Sonuç ve bazı notlar
Sekiz yıl boyunca Polis Koleji ve Polis Akademisi’nde, halkımızın vergileriyle eğitim aldım. Aynı şekilde yüksek lisans ve doktora eğitimim de kamu kaynaklarıyla gerçekleşti. Bu nedenle, bu konuda yazmayı bir toplumsal hizmet (community service) olarak görüyorum.
Burada yazdıklarımın benzerini yaklaşık dokuz yıl önce BİMER’e faks yoluyla iletmiştim ancak bir geri dönüş alamadım. Bu metni daha sonra Ruşen Bey’e de gönderdim çünkü birbirimizi hiç tanımıyoruz.

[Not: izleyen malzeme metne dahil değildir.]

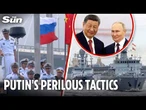 Russia & China launch ‘TENSE’ naval manoeuvres after Trump sends nuke subs to face Putin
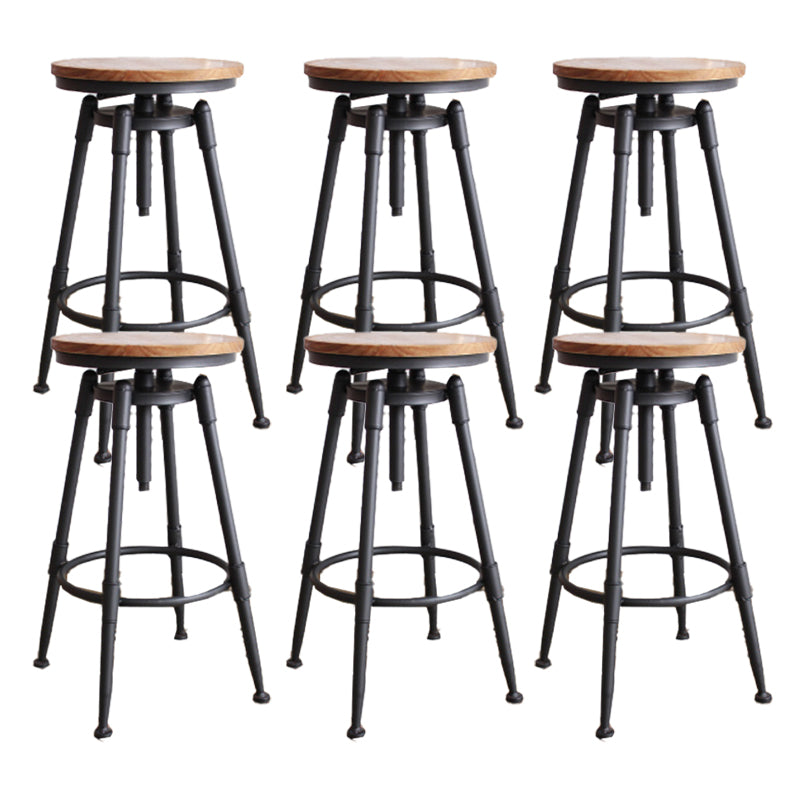 Tabouret de comptoir rotatif industriel sans bras, tabouret de Bar en fer avec pédale pour café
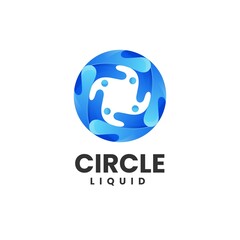 Vector Logo Illustration Circle Gradient Colorful Style.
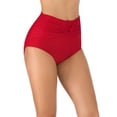 thumbnail image 4 of Bikini Bottoms for Women High Waist Twist Front Swim Shorts Full Coverage Tankini Briefs, 4 of 6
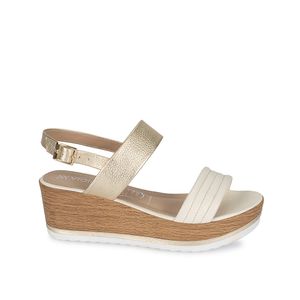 Sandalia D'orsay Casual ALE-2410 Hues/Dorad Viale Cuero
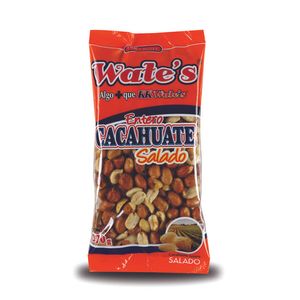 Wates Cacahuate Entero Salado Español 270 g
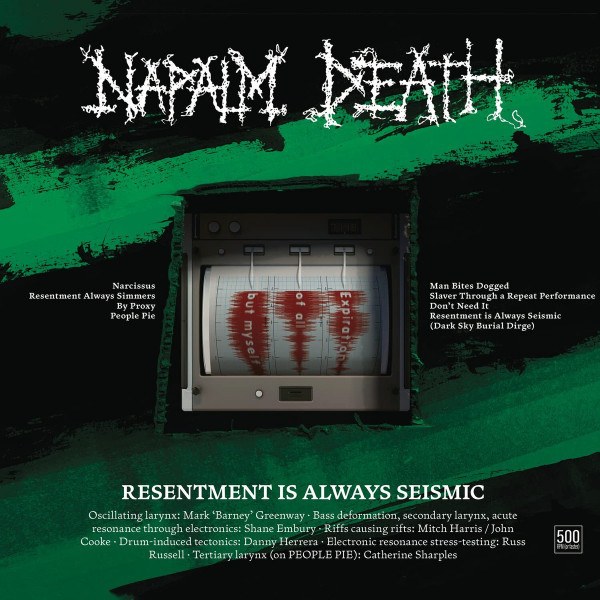 CD Napalm Death — Resentment Is Always Seismic - A Final Throw Of Throes фото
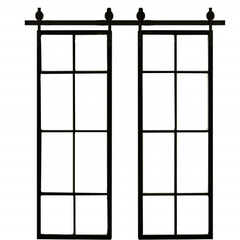 WDMA wholesale soundproof interior wrought iron insulated sliding barn doors for house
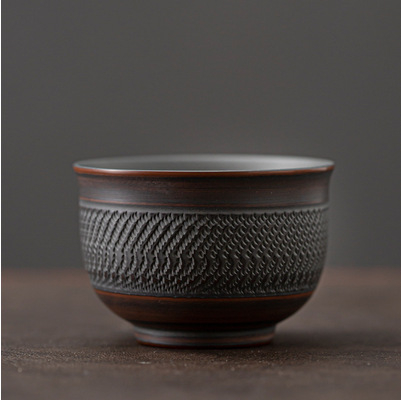 Ceșuță de ceai din ceramică mov, lucrată manual – ceașcă mare de maestru, set Kung Fu pentru ceai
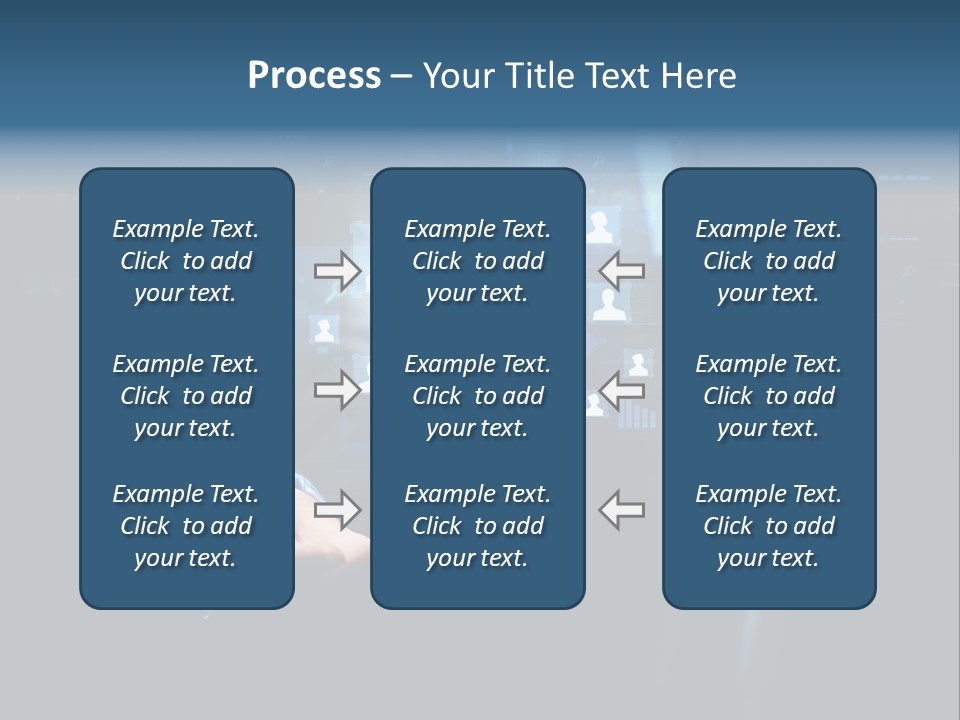 Screen Touch Computer PowerPoint Template
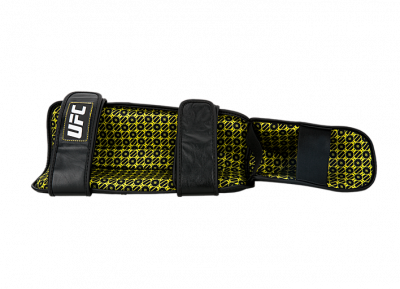 UFC Защита голени на липучках, черная - S/M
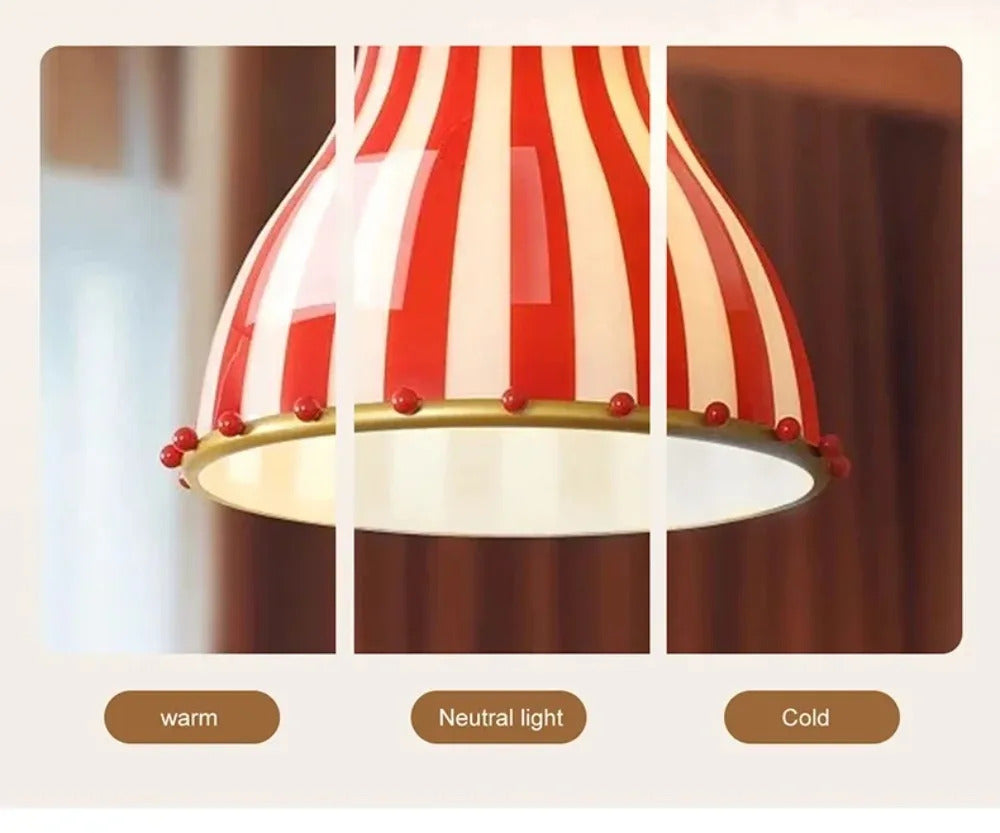 American Circus Style Chandeliers Glass Lampshade Led Pendant Lights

Yurtdışında birçok akademisyen yalnızca akademik yayın yapmıyor, aynı zamanda toplumsal meselelerde fikir beyan ediyor. Ya medyanın isteği üzerine ya da kendi girişimleriyle toplumsal konularda gazetelerde yazıyorlar. Türkiye’de de muhtemelen böyledir.
Yine yazıyı İngilizce olarak başka bir yayın organında kaleme almayı da düşündüm, ancak doğrudan Türkiye’yi ilgilendiren bir konu olduğu için Türkçe yazmayı ve Türkiye’de bu konuyla ciddi ilgilenen bir platforma göndermeyi tercih ettim.
Yazılarımda açık kimlik kullanmama nedenim, bu konunun hassasiyeti ve sert gözüken bir duruşumun olması. Ancak KHK’lıların mağduriyeti o kadar büyük ki bu sert duruş bile belki yetersiz. Çok değer verdiğim bir devreme bu konuyu daha önce açmıştım zaten. Yazıyı sosyal medyada görünce o aradı beni, sen mi yazdın diye. Bu yazı kimseyi hedef almak, incitmek amacıyla yazılmadı. Ailem ve işlerim nedeniyle zamanım sınırlı; bu nedenle yapıcı bir katkı dışında polemiklerden uzak durmak istiyorum.
Gülen hareketi içinde olan hiç kimseyle bireysel düzeyde bir olumsuzluk yaşamadım. Hâlen KHK mağduru olan arkadaşlarıma zaman zaman maddi destekte bulunuyorum. Cemaati oluşturan bireylerin yüzde doksanını da gerçekten Tanrı’ya ve topluma hizmet amaçlı ve iyi niyetli olarak görüyorum. Hatta manipülatif gördüğüm insanlar bile bunu dini duygularına kapılarak yapıyor olabilirler.
Son olarak belirtmeliyim ki, bu yazıları yazmak için herhangi bir kurum ya da kişiden destek veya ücret almadım. Yazma fikri tamamen bana aittir. Medyascope’un bu yazıyı yayımlama yönündeki olumlu tutumunu da takdir ediyorum. Ruşen Bey ile her konuda aynı düşünmesek de bu farklı görüşlerin aynı platformda yer bulması, sağlıklı bir tartışma kültürü açısından çok kıymetlidir. Kendisine ve Medyascope ekibine tekrar teşekkür ederim.